Spencer Combe is given erroneously in several traditional and reputable historical sources (including The Complete Peerage) as the seat of Sir Robert Spencer (d.pre-1510) who married Eleanor Beaufort (1431–1501), the daughter and eventual heiress of Edmund Beaufort, 2nd Duke of Somerset (1406–1455), KG, the third surviving son of John Beaufort, 1st Earl of Somerset, the eldest of the four legitimised children of John of Gaunt (1340-1399) (third surviving son of King Edward III) by his mistress Katherine Swynford). Sir Robert Spencer left two daughters and co-heiresses, who married into the families of Percy (Henry Percy, 5th Earl of Northumberland) and Cary of Devon (producing descendants Viscounts Falkland, Barons Hunsdon, Barons Cary of Leppington, Earls of Monmouth, Viscounts Rochford and Earls of Dover). The arms of this Sir Robert Spencer were Sable, two bars nebuly ermine, as shown in the Percy window in the chapel of Petworth House in Sussex and as quartered by Cary, Viscount Falkland, which Debrett's Peerage erroneously gives as "Spencer of Spencer Combe".

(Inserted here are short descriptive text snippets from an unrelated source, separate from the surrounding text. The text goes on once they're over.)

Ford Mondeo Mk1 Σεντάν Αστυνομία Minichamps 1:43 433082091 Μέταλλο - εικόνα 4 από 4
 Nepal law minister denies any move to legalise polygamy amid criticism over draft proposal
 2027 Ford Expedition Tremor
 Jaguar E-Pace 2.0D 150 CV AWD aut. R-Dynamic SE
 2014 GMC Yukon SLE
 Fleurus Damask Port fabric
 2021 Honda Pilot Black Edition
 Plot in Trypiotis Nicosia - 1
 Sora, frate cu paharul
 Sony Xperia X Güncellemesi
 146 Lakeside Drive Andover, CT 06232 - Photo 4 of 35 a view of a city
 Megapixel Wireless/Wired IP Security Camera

The American genealogist Douglas Richardson suggests however that Sir Robert Spencer was in fact the son and heir of John Spencer, Esquire, a Member of Parliament for Dorset, of Frampton in Dorset, Ashbury in Devon and Brompton Ralph in Somerset, by his wife Jone. Richardson examined eight lawsuits during the period 1460 to 1510 involving Sir Robert Spencer from which he deduced that he had no connection with Spencer Combe and in fact resided in London and at Bridport in Dorset, and after his marriage at his wife's manor of Chilton Foliat in Wiltshire.